Marshall is spearheading creation of the park, which has been in the planning stages for the last two years.
The city purchased a 2.5-acre plot on a bluff overlooking a bend in the winding creek in 2013. It cost the city $7,000 out of the total of $185,000 purchase price to buy the land, shared by N.C. Coastal Area Management Act, the Bate Foundation and the N.C. Coastal Land Trust. The land will act as the centerpiece for the park, where two kayak launches will be constructed beginning in early 2015.
Also to be built at the site initially during Phase II are picnic tables, grills, interpretive signage and a modest walkway leading from the bluff down to the kayak launches.

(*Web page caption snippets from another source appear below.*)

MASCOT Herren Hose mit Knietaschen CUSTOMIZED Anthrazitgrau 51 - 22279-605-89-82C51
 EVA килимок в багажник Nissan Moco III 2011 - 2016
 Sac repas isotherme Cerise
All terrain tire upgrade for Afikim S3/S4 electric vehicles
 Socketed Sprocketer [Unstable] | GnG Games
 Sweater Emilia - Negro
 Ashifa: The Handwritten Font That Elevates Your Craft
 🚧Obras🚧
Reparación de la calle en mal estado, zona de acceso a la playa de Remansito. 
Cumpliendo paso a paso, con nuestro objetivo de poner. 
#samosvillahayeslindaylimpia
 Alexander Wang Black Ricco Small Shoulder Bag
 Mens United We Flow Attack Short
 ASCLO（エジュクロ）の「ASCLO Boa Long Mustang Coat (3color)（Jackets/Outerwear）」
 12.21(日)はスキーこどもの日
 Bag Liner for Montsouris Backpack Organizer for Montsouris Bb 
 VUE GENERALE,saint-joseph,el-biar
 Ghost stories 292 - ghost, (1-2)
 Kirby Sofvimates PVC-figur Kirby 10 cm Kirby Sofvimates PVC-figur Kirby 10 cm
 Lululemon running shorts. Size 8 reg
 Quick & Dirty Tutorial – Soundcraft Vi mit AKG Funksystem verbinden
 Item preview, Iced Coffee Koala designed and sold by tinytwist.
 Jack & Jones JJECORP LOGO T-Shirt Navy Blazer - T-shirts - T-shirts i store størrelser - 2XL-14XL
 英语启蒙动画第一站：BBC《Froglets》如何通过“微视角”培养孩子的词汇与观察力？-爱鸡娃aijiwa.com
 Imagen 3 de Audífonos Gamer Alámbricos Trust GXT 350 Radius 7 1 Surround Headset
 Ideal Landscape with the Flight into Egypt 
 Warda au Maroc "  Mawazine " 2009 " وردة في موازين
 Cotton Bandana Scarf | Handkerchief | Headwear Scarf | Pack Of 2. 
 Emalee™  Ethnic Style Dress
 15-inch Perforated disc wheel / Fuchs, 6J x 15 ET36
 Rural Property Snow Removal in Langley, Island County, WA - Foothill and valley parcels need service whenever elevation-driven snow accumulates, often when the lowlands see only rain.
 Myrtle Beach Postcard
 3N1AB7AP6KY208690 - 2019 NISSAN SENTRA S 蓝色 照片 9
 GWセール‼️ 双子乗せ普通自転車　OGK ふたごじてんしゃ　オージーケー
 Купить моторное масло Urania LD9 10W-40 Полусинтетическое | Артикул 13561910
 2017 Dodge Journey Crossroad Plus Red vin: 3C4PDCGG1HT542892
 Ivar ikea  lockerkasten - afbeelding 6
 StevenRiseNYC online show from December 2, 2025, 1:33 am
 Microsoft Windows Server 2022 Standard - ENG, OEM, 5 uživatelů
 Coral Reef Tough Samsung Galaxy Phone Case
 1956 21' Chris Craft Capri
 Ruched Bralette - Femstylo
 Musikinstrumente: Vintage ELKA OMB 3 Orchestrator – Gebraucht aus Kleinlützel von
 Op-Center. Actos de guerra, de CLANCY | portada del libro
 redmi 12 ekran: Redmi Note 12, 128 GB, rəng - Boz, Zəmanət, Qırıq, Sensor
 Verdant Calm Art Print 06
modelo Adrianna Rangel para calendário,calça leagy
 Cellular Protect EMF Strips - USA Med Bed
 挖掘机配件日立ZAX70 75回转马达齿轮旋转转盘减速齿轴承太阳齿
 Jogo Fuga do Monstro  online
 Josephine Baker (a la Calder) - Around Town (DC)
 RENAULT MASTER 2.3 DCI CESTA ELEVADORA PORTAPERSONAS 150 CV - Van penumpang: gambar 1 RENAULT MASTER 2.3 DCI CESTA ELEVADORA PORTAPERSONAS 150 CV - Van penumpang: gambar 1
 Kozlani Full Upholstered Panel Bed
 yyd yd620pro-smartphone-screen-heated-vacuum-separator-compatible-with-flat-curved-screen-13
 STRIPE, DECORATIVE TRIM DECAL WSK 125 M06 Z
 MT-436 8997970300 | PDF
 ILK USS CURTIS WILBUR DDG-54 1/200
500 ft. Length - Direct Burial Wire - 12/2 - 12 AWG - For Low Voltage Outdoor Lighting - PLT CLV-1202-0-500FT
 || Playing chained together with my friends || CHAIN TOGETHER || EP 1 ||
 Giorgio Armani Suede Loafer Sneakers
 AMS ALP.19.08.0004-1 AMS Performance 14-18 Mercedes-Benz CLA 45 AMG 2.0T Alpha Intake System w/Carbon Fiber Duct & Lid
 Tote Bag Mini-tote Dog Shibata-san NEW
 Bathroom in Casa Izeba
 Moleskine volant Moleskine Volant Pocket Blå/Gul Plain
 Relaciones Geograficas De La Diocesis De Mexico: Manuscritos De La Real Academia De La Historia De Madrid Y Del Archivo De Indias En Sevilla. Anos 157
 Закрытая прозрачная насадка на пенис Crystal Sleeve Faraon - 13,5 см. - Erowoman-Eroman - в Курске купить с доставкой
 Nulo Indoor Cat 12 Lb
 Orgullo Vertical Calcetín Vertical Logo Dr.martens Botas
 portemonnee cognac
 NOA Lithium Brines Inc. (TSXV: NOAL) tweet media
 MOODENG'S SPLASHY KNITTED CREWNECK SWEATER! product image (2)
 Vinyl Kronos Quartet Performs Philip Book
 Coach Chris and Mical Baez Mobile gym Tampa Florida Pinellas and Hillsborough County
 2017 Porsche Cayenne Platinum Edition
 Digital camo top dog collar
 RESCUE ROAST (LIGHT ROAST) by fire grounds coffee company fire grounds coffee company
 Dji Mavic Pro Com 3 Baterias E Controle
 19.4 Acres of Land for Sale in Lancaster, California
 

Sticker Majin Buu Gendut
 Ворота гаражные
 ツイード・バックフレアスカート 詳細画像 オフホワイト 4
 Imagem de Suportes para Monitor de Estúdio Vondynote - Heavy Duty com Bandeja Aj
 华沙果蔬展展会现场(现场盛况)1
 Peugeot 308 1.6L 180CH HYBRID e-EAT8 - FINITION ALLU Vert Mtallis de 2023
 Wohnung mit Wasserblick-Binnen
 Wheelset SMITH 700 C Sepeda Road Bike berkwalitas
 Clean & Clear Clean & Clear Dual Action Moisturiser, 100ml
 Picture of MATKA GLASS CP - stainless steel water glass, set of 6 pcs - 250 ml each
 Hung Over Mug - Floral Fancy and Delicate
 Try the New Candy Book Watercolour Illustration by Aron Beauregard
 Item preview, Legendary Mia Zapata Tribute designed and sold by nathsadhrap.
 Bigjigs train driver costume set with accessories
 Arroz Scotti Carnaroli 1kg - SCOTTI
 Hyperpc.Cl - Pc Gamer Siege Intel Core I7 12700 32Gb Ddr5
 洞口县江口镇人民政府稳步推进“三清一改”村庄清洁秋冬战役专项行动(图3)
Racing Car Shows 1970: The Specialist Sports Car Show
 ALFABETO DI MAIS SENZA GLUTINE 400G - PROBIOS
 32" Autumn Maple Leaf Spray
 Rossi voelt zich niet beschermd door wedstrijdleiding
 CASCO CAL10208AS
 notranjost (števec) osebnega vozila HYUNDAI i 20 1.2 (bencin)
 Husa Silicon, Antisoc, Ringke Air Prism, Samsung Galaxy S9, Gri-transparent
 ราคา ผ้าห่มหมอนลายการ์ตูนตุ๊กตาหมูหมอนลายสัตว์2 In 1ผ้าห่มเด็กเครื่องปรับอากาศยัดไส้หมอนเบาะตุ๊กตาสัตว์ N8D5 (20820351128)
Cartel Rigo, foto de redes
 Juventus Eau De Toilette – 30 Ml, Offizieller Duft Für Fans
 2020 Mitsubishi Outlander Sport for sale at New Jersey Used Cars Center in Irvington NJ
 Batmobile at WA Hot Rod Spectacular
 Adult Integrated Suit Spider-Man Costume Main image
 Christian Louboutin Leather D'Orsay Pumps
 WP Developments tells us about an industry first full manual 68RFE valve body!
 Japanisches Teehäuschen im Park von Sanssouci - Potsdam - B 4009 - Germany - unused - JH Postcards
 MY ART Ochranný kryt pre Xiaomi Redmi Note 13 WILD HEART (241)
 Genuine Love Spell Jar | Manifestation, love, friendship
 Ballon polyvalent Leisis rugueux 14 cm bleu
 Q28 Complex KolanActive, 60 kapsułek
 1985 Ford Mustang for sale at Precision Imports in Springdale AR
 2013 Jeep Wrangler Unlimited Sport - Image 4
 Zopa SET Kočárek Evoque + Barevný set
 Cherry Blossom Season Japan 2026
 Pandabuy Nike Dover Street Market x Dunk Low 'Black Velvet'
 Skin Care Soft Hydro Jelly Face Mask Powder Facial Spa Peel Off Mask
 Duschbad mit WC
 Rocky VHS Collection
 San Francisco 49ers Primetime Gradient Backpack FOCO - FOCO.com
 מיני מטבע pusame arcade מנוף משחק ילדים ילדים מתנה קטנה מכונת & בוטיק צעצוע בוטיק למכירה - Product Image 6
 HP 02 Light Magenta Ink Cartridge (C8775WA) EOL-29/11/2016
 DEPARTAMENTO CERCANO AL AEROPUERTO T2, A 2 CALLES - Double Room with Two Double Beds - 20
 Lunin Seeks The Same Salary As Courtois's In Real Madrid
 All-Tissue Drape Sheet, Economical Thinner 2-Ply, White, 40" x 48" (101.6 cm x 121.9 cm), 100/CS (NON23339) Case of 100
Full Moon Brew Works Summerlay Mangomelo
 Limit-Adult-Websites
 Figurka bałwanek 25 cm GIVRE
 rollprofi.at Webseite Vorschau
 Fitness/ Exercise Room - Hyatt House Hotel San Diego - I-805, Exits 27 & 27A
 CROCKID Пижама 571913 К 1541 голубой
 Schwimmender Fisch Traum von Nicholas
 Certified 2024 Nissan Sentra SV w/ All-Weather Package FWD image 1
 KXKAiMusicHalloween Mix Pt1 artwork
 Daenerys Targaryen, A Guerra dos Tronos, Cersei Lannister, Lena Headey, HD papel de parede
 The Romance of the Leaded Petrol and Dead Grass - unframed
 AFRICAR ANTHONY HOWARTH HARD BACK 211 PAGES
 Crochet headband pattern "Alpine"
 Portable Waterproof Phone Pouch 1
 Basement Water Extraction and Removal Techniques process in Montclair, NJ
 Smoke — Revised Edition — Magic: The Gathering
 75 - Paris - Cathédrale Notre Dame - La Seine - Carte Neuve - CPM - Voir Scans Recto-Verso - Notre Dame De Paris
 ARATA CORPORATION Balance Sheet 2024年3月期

The work is paid for by a $81,000 N.C. Division of Coastal Management grant. Havelock’s portion of the grant was a $15,100 cash contribution plus a $5,300 in-kind contribution.
“We did recently receive the letter from CAMA that we could make the final application for Phase III,” Marshall said Tuesday.
Phase III seeks a $120,000 CAMA grant for a parking lot and improvements to the path leading to the kayak launch. Havelock is paying $30,000 for its portion of the grant.
Long-range plans call for a pedestrian footbridge to cross the creek and connect the central hub to existing properties on the north side of the creek that are already owned by the city. That connection will create walking paths that ultimately lead to the Havelock Tourist and Event Center, with access to the nearby Hampton Inn and Holiday Inn Express hotels.
There has also been talk about the possible relocation of the historic Trader Store and World War II-era train depot to the site.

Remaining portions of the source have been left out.